TAKE A THIEF

『盗人の報復』マーセデス・ラッキー中央公論社ら1-4〉
ヴァルデマールシリーズ最新作。

貧民街に生まれ、頼るべき伯父一家にさえも虐げられ過酷な日々を送る少年スキッフ。ひょんなことから地下に住むベイジー率いる盗賊団に入り、初めて心の拠り所を得るのだった。だが幸福は長く続かず、大事な仲間は陰謀に巻き込まれ殺されてしまう。絶望の底で復讐を誓うスキップの前に〈共に歩むもの〉が現れて――。学院史上初となる、逞しくしたたかな盗賊《使者》ここに誕生!
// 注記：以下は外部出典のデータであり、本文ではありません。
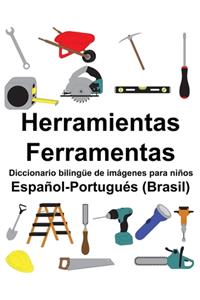 Español-Portugués (Brasil) Herramientas/Ferramentas Diccionario bilingüe de imágenes para niños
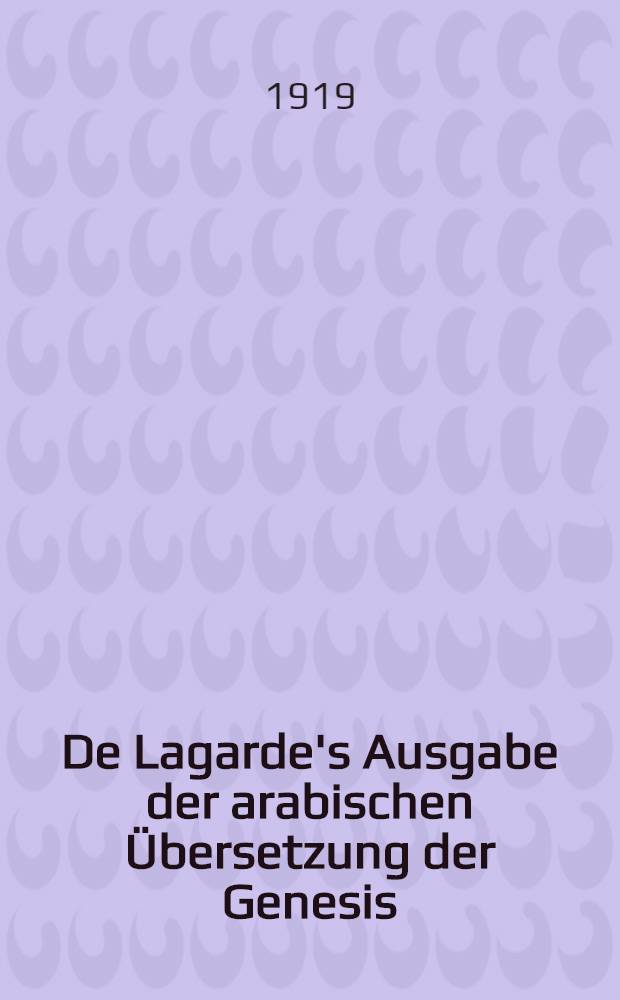 De Lagarde's Ausgabe der arabischen Übersetzung der Genesis (Cod. Leid. arab. 230)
毎度言ってるけど、ラッキーは個人に焦点を当てた方が上手い。
今回はそれが、スキッフの幼年期の幸福と悲劇、そして使者に迎えられる様子に思う存分発揮されている。
同時に、これまで印象的な脇役だったアルベリッヒのキャラクターが紹介され、そして彼との交流が今までのシリーズでは見られなかった種類の絆で、ひじょうに魅力的な人物として描かれている。
また、これまで宮廷や学院、森を舞台にしたことが多かったけど、今回は貧民街の生活が生き生きと描写され、異世界ファンタジーとしては、(比較的)常人の目線でそこを見られるのは意外に珍しいかも。